Despite the global community’s best intentions to keep global warming below a 2°C increase above pre-industrial climate, higher levels of warming are increasingly likely. Scientists agree that countries’ current United Nations Framework Convention on Climate Change emission pledges and commitments would most likely result in 3.5° to 4°C warming.
Without serious policy changes that lead to drastic reductions in GHG emissions soon, the 4°C scenarios are devastating: the inundation of coastal cities; increasing risks for food production potentially leading to higher malnutrition rates; many dry regions becoming dryer, wet regions wetter; unprecedented heat waves in many regions, especially in the tropics; substantially exacerbated water scarcity in many regions; increased frequency of high-intensity tropical cyclones; and irreversible loss of biodiversity, including coral reef systems and fisheries. And most importantly, a 4°C world is so different from the current one that it comes with high uncertainty and new risks that threaten our ability to anticipate and plan for future adaptation needs.

For the World Bank Group, the steps are clear. First, we accept the science that humans are changing the climate. We are looking at all our business operations through a “climate lens.” Currently, the Bank is helping 130 countries take action on climate change by supporting on-the-ground action to finance projects that help the poor grow their way out of poverty and increase their resilience to climate change. Last year, we doubled financial lending that contributes to adaptation; this trend will accelerate in the future. Second, the Bank is taking decisive steps on mitigation. We are helping countries identify cost-effective options to reduce emissions, and exploring opportunities to deliver co-benefits, such as climate smart agriculture and resource efficiencies. The Bank’s infrastructure lending portfolio has moved toward less carbon intensive projects, and the share of renewable energy in our energy projects has doubled over the last five years. Countries must adopt aggressive national strategies for emissions reductions, and then show the political commitment needed to deliver on them. Innovation in energy efficiency and renewable energy will also prove vital to reducing carbon emissions.
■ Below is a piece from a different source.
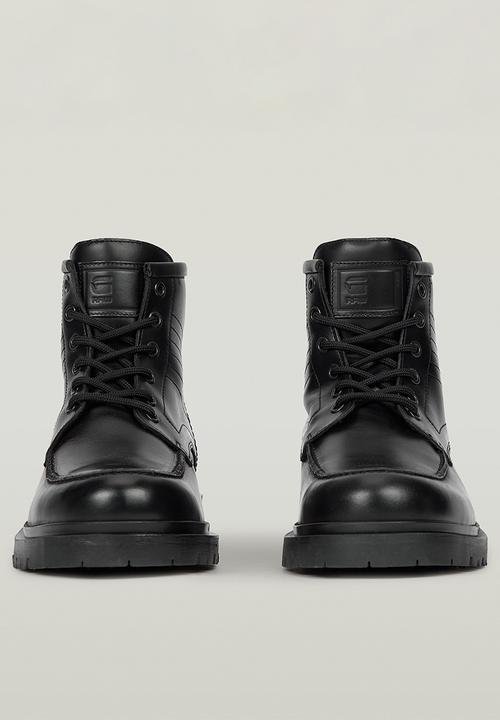 G-STAR - Tyler Boot Mid Moq Lea M - Black leather
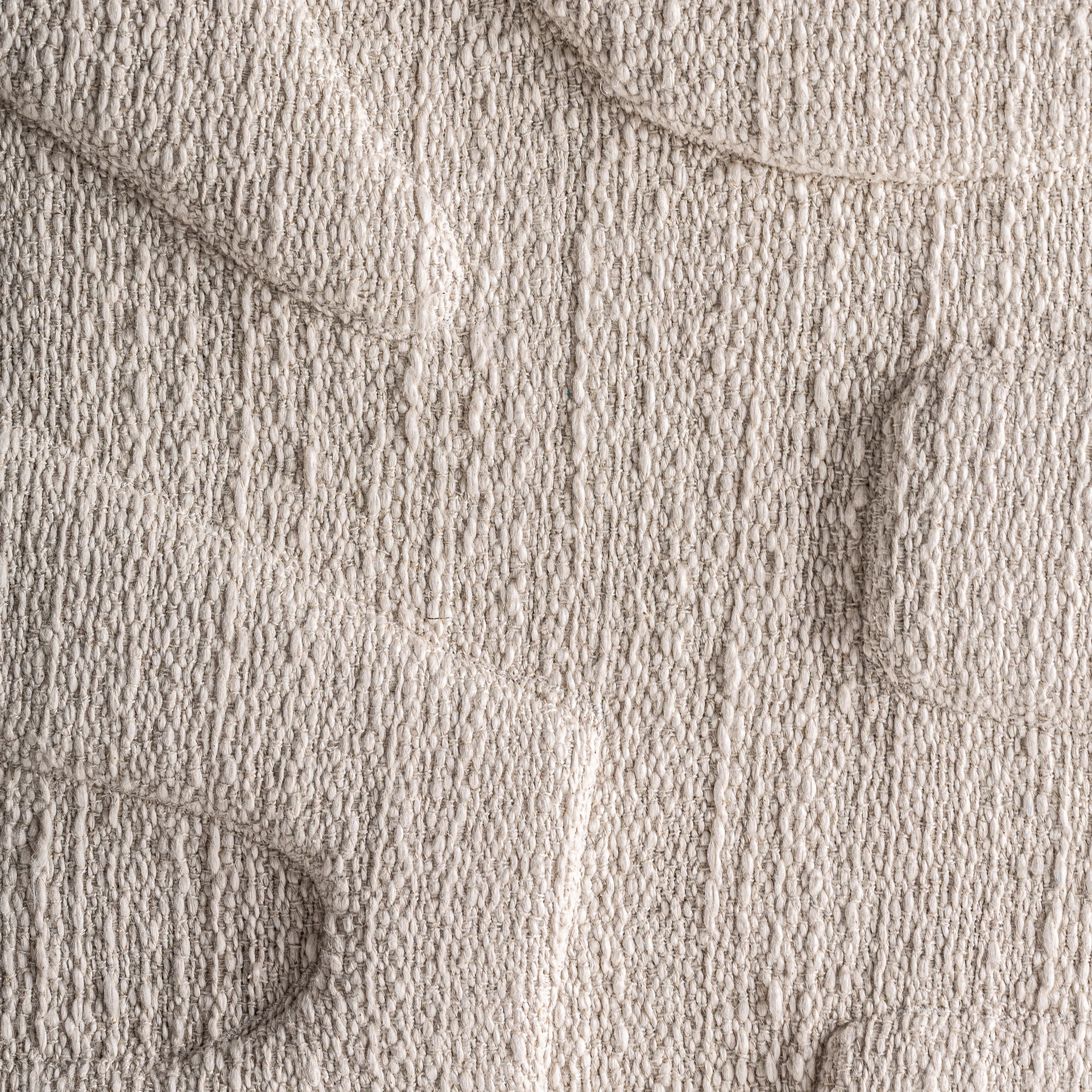 Arta de Perete Sobek, Alb-crem, 76x4x107 cm - VicalHome 37315 [5]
And countries — developed and emerging — need to make major headway in rolling back the $1.9 trillion in annual fossil fuel subsidies!

Erick Fernandes is an Adviser on Agriculture, Forestry & Climate Change at the World Bank and Co-Led the Bank’s Global Expert Team for Adaptation to Climate Change (GET-CCA). Erick is from a Kenya and grew up in the arid lands of northern Kenya, Ethiopia, and Somalia. He holds a PhD in Soil Science from North Carolina State University. Prior to joining the Bank he was an International Professor of Crop and Soil Sciences at Cornell University with research and teaching programs on tropical agroecosystems, hydrosheds, and natural resources. He served as the Global Coordinator of the GEF-UNDP-CGIAR program on Alternatives to Slash and Burn Agriculture (ASB) and was a Principle Investigator in the NASA-sponsored, Large Scale Biosphere-Atmosphere (LBA-Eco) program.